Me gusta hasta el delirio fumar cigarrillos, uno detrás de otro. No me importan las consecuencias que esto tenga para la “salud”. La salud es una ficción: lo único real es el sepulcro.

No me gustan los pensadores oscuros, en general. Creo que sólo dos motivos pueden llevarlos a carecer de claridad: la pedantería –una de las manifestaciones más notables de la imbecilidad– o la inepcia, la torpeza en el manejo del lenguaje –otra manifestación de estupidez–. Detesto también a los que abusan de jergas especializadas, como si el lenguaje común no estuviera a la “altura” infinita de sus “elevadas” tesis. En esta categoría incluyo, por ejemplo, a Lacan, que tantos y tan necios fanáticos produce.
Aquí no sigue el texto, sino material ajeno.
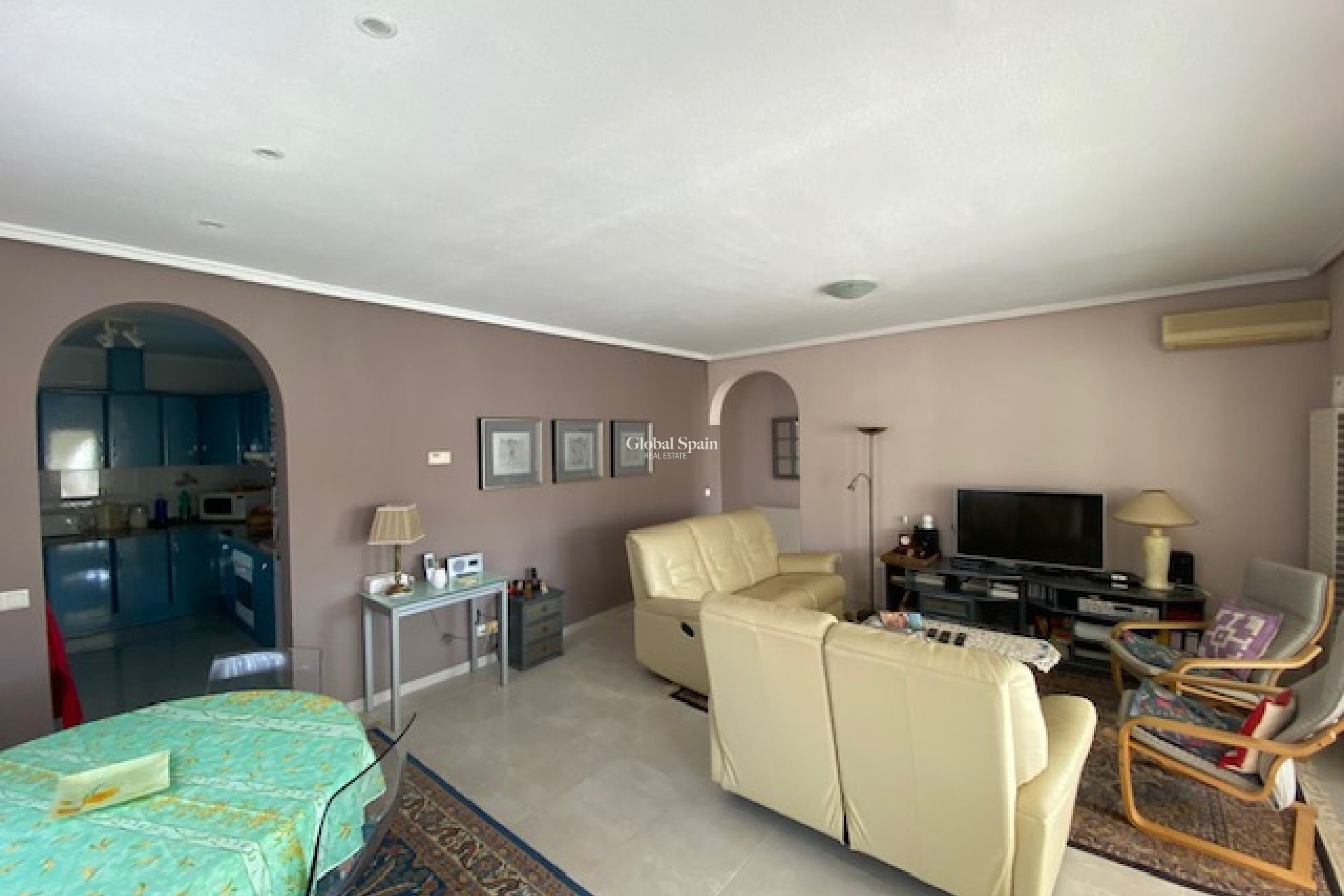 Resale - VILLA -
CIUDAD QUESADA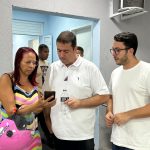 Leozinho com o pai, o prefeito de São João de Meriti, Leo Vieira, em visita a um hospital da cidade
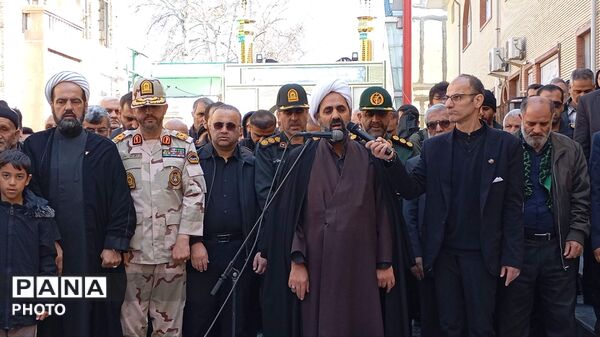 شهید عالی بر دوش هم استانی های خود تشیع شد 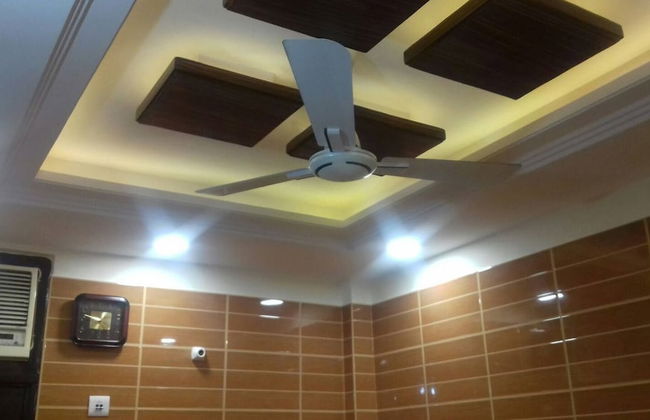 Posh, Nice Foreigner Area Lajpat Ngar Luxury Room - Foto 26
No me gusta la gente que tiene mucho dinero y buen gusto, y vive entre objetos de arte y bebiendo vinos caros. Por lo general, aparentan estar en paz con su conciencia. Suelen considerarse, incluso, “buenos”.

Me gusta una pobreza digna, una miseria alegre, una bohemia de cerveza barata. Es mi ideal de vida.

Me gusta hasta el delirio la literatura de terror, y el cine del mismo género también. Con frecuencia sueño pesadillas, y me complazco morbosamente en recordarlas, y en la deliciosa tortura del miedo.

No me suelen gustar las personas concretas, de carne y hueso. Esto, desde luego, conoce excepciones.

Me gustan los bares, los pubs, las discotecas. Me gusta la noche más que el día. Creo que la noche es el terreno de las revelaciones de todo lo que importa. El bar a media luz y a medianoche se me antoja más lleno de contenido sacro y de misterio numinoso que la iglesia, y los rituales eróticos en el claroscuro de la madrugada también me parecen más sagrados, si cabe esa palabra, que la liturgia católica posterior al Concilio Vaticano II.

No me gusta la media luna. Me parece una sonrisa siniestra. Creo que se burla de mí. Se me antoja un espectro demoníaco. Por el contrario, me complace enormemente la luna llena, y me siento, como el mar y como la levadura, bajo su exaltante influjo. No me suele gustar el sol, pero me emociona y alegra el crepúsculo, que es el amanecer del mágico momento de la noche, y disfruto sus tintes sanguinarios.

Por lo general, me parecen ridículas las parejitas amarteladas. Los seres humanos casi nunca son dignos de ser amados, y, sin embargo, incluso al bicho más pestilente hay algún ser incauto que lo ama o dice amarlo. Esta paradoja me subleva. Deberíamos odiarnos los unos a los otros.

No me gusta la gente que cree que tiene la razón. No me gusta la gente que cree que el bien y la bondad están de su lado. No me gustan los poseedores de la verdad. No me gusta la gente que habla con indulgencia bondadosa de la maldad ajena. No me gusta la gente que se emociona con sus propias palabras. Toda esta gente se me antoja grotesca.

Me gusta la rutina, pero más aún me gustan sus rupturas.

No me gustan los presidentes, los ministros, los reyes de nuestra época, los mandatarios en general, los dirigentes de partidos políticos, los empresarios, los entrenadores de equipos de fútbol, las vedettes de toda índole, los escritores consagrados, los “intelectuales”... No sigo. La lista se hace demasiado larga. Creo que es el momento de poner punto final.

Me gusta la vida, pero me atrae la Muerte. No diré más por el momento, y espero no haber aburrido a nadie.

Aunque corro el riesgo de repetirme –tal vez ya lo he dicho antes–, sólo añadiré, por último, que me gusta fumar. La soledad, la compañía, la alegría, la tristeza, el amor, el odio, el triunfo, el fracaso, lo inesperado, lo rutinario, el disoluto alcohol, el ascético café y, en suma, la vida toda no es más que un pretexto para encender un cigarrillo.

Y me gusta beber. La melancolía, el júbilo, el esplendor, la decadencia, el éxito, la derrota, la noche, el amanecer, el calor, el frío, la soledad, los amigos, la seducción, la amargura y, en suma, todo cuanto existe en este mundo no existe sino como un buen pretexto para tomar unas copas.